While forging their own identities, brother and sister twins uncover family secrets.
With names that are nods to country music icons, twins Loretta and Waylon will be starting middle school in the fall and for the first time attending separate classes. They both have plans for the summer: Movie enthusiast Loretta, perpetual protector of her smaller-sized brother, plans to toughen him up; survival-story fan Waylon wants to prove he can defend himself. The siblings narrate in alternating chapters, addressing readers directly at times, and their stories blend when they stumble upon a clearing in the woods that they name the Circle of Stones. After meeting home-schooled Louie, whose mother is deemed “crazy” by the locals, Loretta and Waylon reference Indigenous coming-of-age ceremonies and include Louie in a series of their own rituals.
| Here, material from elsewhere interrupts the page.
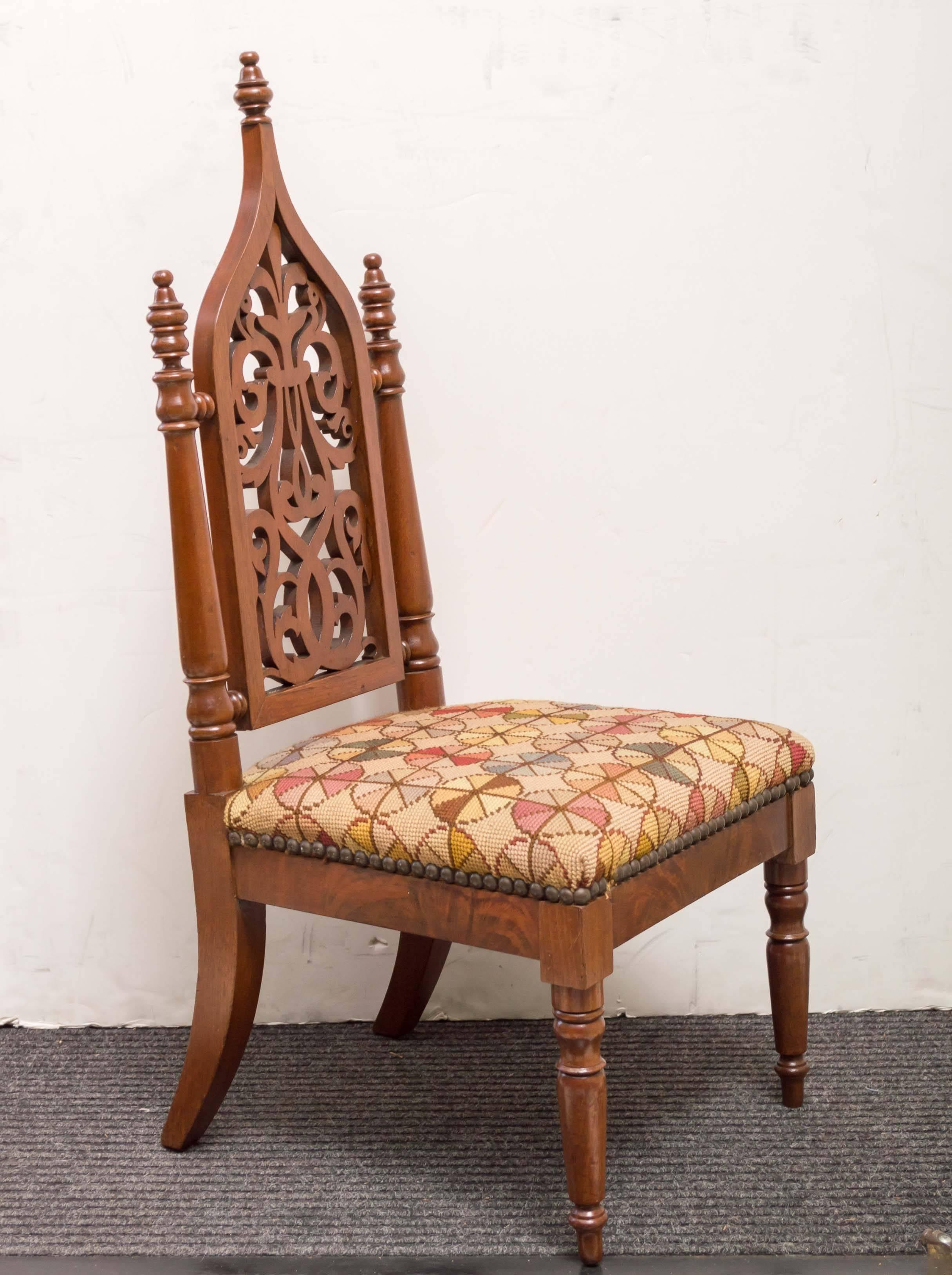 19th century American Neo-Gothic childs chair, circa 1860. Great as a decorative object or use as a taboret. Fine detail woodwork and hand-stitched needlepoint cover. An old surface of mellow walnut.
These are meant to honor Forest Spirits, their name for what they believe are the spirits of unspecified people who explored these woods long ago. These invented ceremonies, along with mentions of such cultural elements as dream catchers, wigwams, and counting coup, recur in the narrative in ways that evoke exoticizing stereotypes of Native peoples. While conducting these rituals, Loretta and Waylon discover family connections and begin to understand the mental health issues that trouble Louie’s mother. Additional storylines involving school bullies and first crushes converge in a trite conclusion. Main characters read as White.
Explores changes that come with the transition to middle school but is marred by stereotyping.